• **Directions**: From the line with "Diamond queeen online show from 11, 11, 2025" through the line with "Dereck online show from 05.04.26", repeat the entries verbatim, both end lines included, and add nothing.

• **Data extracted from a collection**:
BEGIN

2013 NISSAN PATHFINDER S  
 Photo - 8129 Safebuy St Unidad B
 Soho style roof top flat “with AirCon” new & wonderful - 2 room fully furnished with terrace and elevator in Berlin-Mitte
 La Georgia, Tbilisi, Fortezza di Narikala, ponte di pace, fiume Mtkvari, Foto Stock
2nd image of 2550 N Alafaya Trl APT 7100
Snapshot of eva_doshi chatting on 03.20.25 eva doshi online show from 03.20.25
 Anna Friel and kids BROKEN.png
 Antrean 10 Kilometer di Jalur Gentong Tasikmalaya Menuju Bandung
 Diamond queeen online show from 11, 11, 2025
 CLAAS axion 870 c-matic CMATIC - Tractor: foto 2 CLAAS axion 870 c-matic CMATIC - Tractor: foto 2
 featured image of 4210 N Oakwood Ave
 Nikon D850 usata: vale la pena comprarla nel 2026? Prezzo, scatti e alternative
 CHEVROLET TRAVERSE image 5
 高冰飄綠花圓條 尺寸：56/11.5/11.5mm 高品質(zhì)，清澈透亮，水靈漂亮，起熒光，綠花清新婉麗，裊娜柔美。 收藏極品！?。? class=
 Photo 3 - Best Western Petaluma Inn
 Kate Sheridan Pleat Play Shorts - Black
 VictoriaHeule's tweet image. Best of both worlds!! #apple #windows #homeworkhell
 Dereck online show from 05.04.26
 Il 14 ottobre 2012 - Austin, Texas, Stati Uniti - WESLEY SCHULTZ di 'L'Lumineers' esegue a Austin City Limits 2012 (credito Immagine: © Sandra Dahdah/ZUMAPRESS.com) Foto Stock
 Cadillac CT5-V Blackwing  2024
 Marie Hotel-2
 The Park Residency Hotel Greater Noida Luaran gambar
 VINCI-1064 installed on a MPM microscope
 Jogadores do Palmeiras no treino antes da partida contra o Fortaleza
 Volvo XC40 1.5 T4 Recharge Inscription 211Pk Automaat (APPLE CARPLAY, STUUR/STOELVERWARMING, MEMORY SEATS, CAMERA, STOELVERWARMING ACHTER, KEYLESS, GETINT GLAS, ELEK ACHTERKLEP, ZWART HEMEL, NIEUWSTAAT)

END

• **Exercise output**:
 Diamond queeen online show from 11, 11, 2025
 CLAAS axion 870 c-matic CMATIC - Tractor: foto 2 CLAAS axion 870 c-matic CMATIC - Tractor: foto 2
 featured image of 4210 N Oakwood Ave
 Nikon D850 usata: vale la pena comprarla nel 2026? Prezzo, scatti e alternative
 CHEVROLET TRAVERSE image 5
 高冰飄綠花圓條 尺寸：56/11.5/11.5mm 高品質(zhì)，清澈透亮，水靈漂亮，起熒光，綠花清新婉麗，裊娜柔美。 收藏極品！?。? class=
 Photo 3 - Best Western Petaluma Inn
 Kate Sheridan Pleat Play Shorts - Black
 VictoriaHeule's tweet image. Best of both worlds!! #apple #windows #homeworkhell
 Dereck online show from 05.04.26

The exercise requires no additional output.